> [Problem statement] When the listing below reaches the line that has "DE VANZARE Apartament 2 Camere Tei - Poză 6", start reproducing exactly; stop after the line that has "3000 Golden Road unit: 31", and drop the pictures.

> [Provided records]
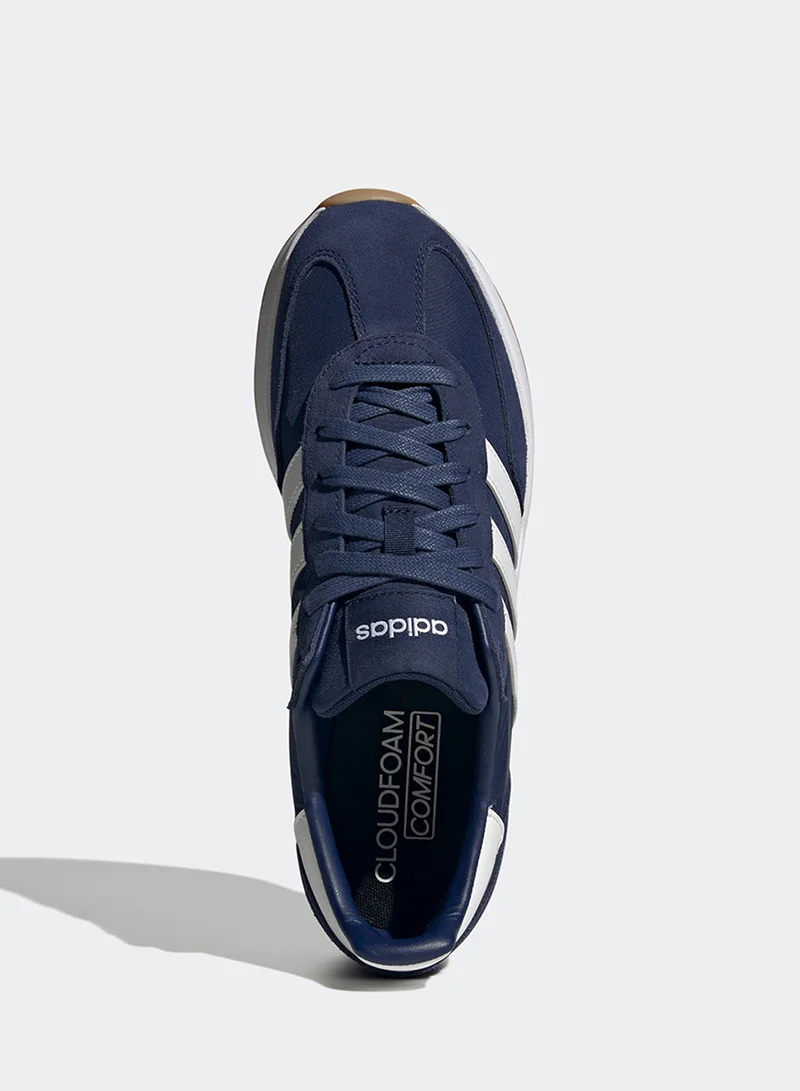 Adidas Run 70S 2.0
--
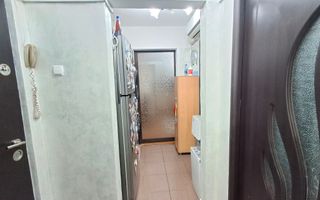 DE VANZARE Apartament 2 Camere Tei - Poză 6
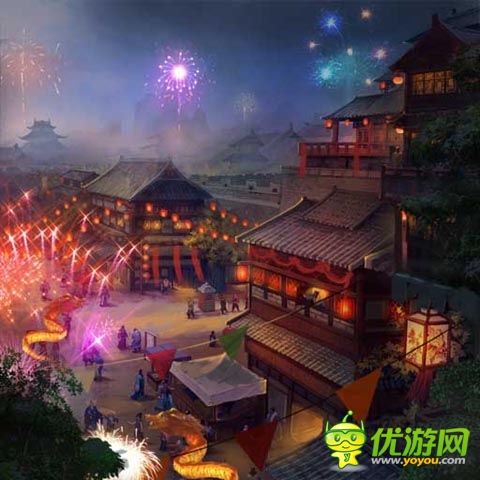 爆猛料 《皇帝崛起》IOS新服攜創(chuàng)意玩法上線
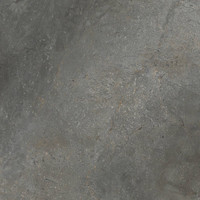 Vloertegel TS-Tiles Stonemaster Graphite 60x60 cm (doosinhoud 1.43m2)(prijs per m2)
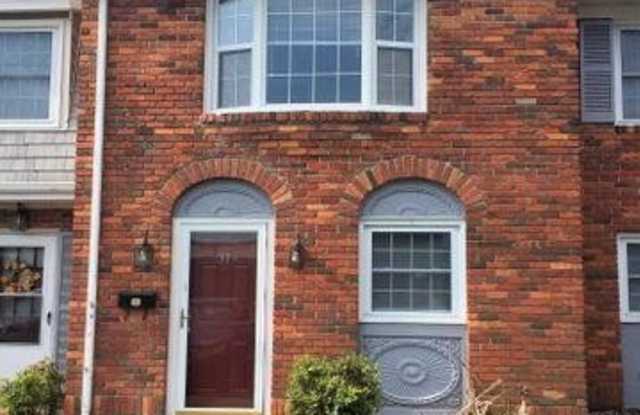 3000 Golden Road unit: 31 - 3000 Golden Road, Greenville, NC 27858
...
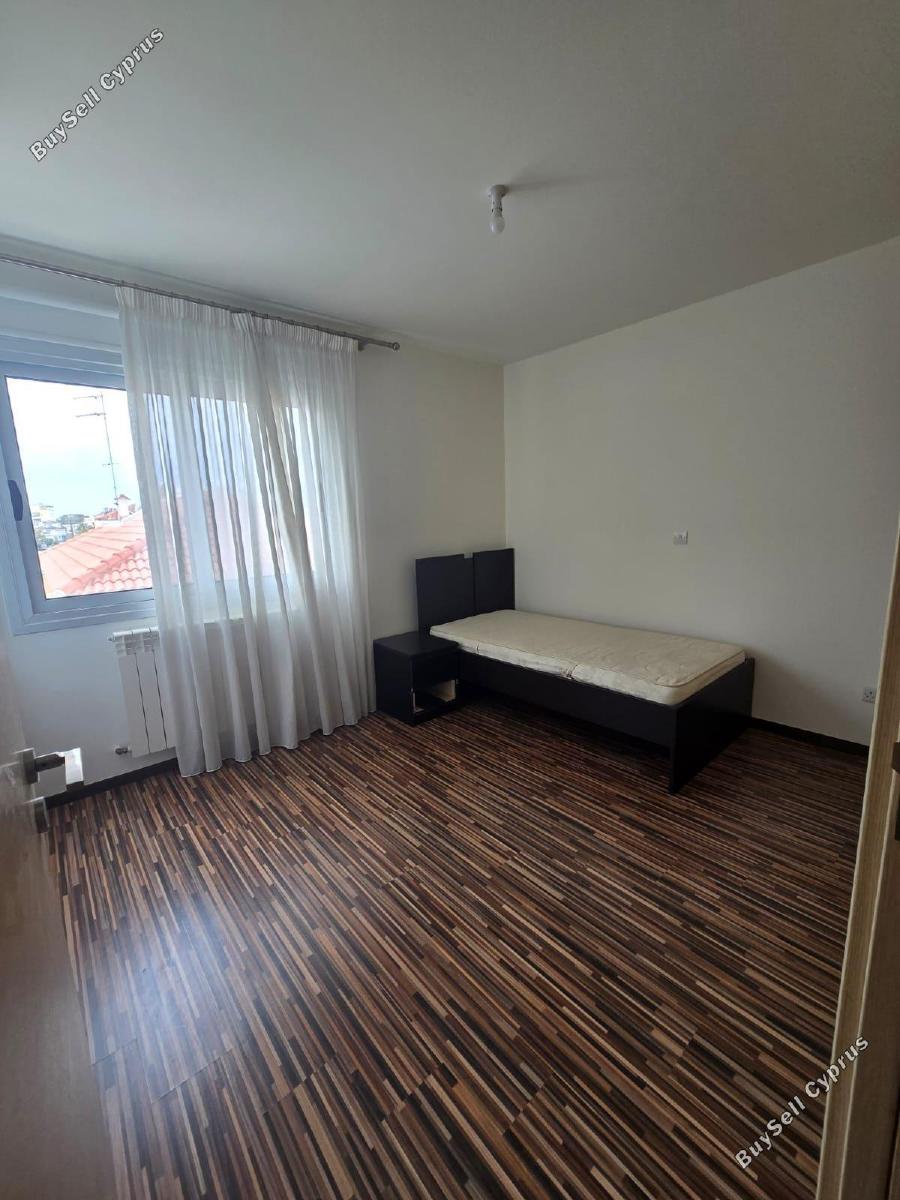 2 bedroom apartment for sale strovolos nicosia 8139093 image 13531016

> [Written response]
 DE VANZARE Apartament 2 Camere Tei - Poză 6
 爆猛料 《皇帝崛起》IOS新服攜創(chuàng)意玩法上線
 Vloertegel TS-Tiles Stonemaster Graphite 60x60 cm (doosinhoud 1.43m2)(prijs per m2)
 3000 Golden Road unit: 31 - 3000 Golden Road, Greenville, NC 27858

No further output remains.